START Input data

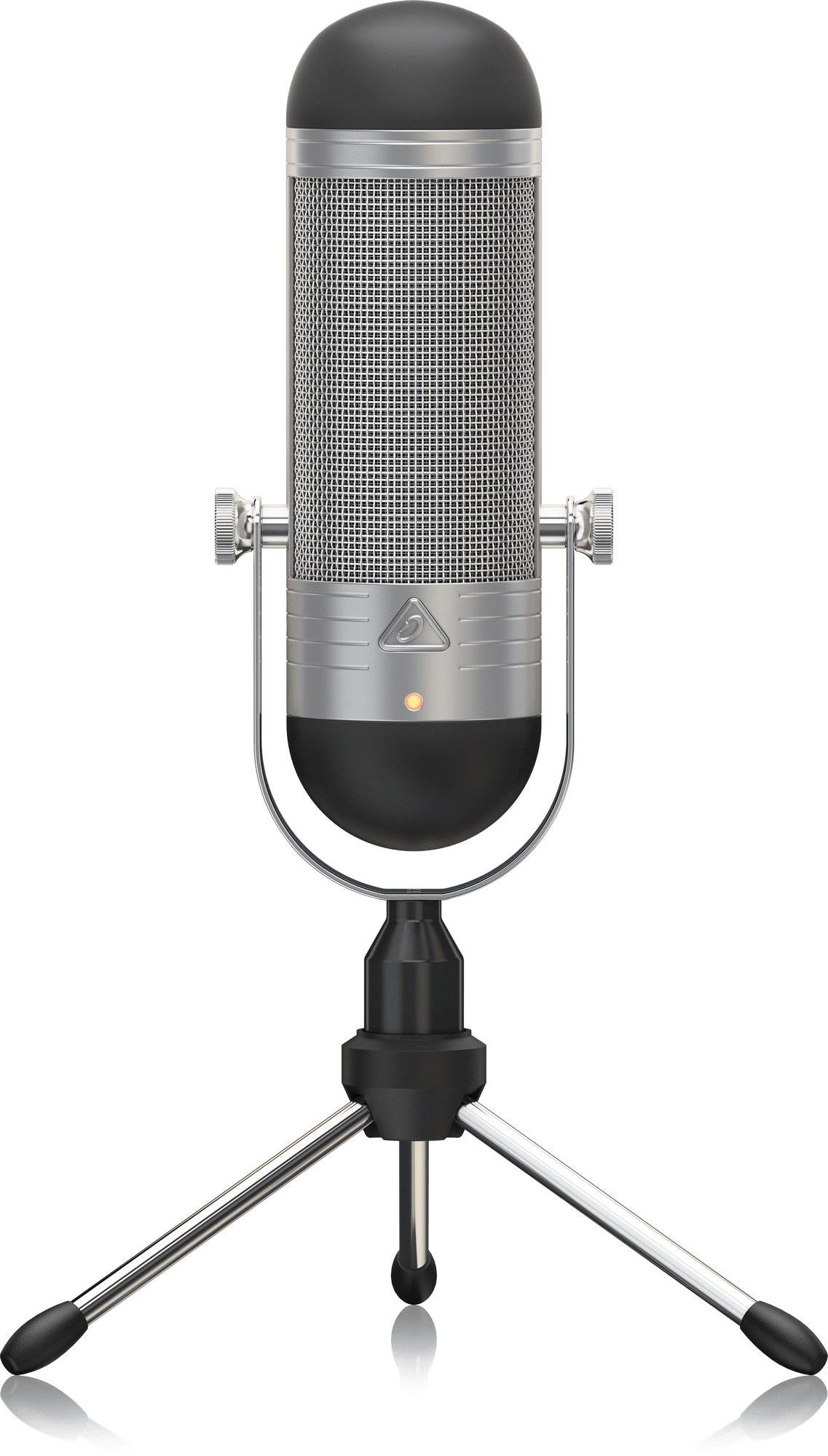 Aston Element Bundle Condenser Mikrofon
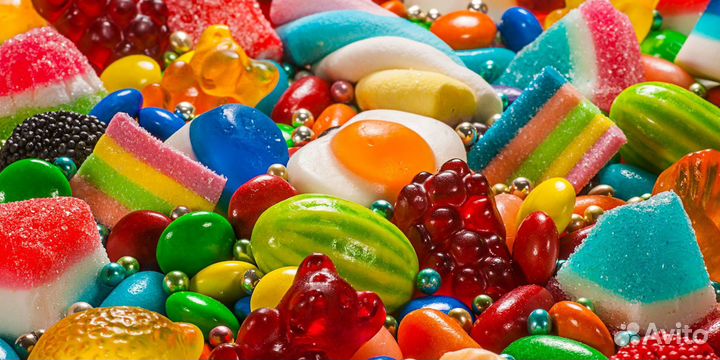 Вахта с бесплатным проживанием и питанием (муж,рф)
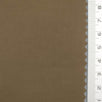 Solid Plain Taffeta Cotton Nylon Woven Fabric - FAB1729 - 1.Light brown-2.Dark olive green-3.Mustard yellow-4.Coral-5.Terracotta-6.Navy blue-7.Tan-8.Forest green-9.Medium brown-10.Light gray 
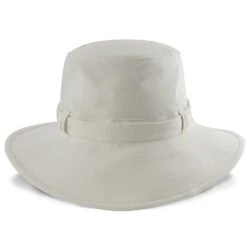 Tilley Tilly Hemp Sun Hat -Bailey Store tilley tilly hemp sun hat hat 16524874219660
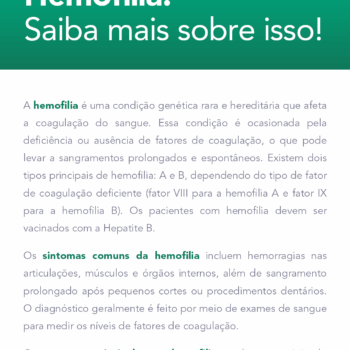 SCS-24---0227-DICAS-DE-SAÚDE-SETEMBRO-01SITE-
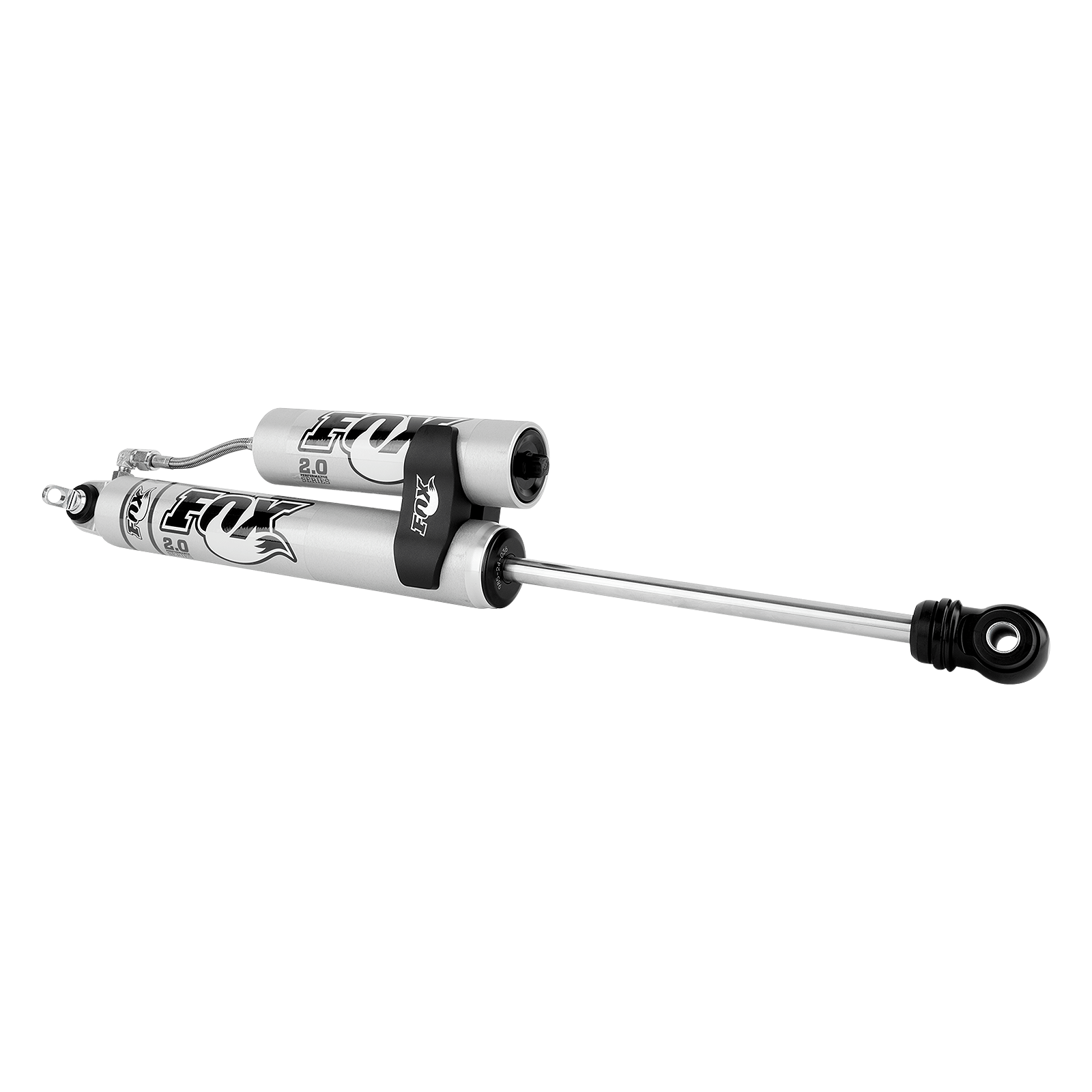 https://serenity-foxfactory.asset.akeneo.cloud/fox_asset_family/media/fox_985_24_036_truck_performance_reservoir_shock_um_1600x1600.png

END Input data

Exercise aim: Please reprint the whole listing exactly and omit its pictures.

Exercise solution:
 Aston Element Bundle Condenser Mikrofon
 Вахта с бесплатным проживанием и питанием (муж,рф)
 Solid Plain Taffeta Cotton Nylon Woven Fabric - FAB1729 - 1.Light brown-2.Dark olive green-3.Mustard yellow-4.Coral-5.Terracotta-6.Navy blue-7.Tan-8.Forest green-9.Medium brown-10.Light gray 
 Tilley Tilly Hemp Sun Hat -Bailey Store tilley tilly hemp sun hat hat 16524874219660
 SCS-24---0227-DICAS-DE-SAÚDE-SETEMBRO-01SITE-
 https://serenity-foxfactory.asset.akeneo.cloud/fox_asset_family/media/fox_985_24_036_truck_performance_reservoir_shock_um_1600x1600.png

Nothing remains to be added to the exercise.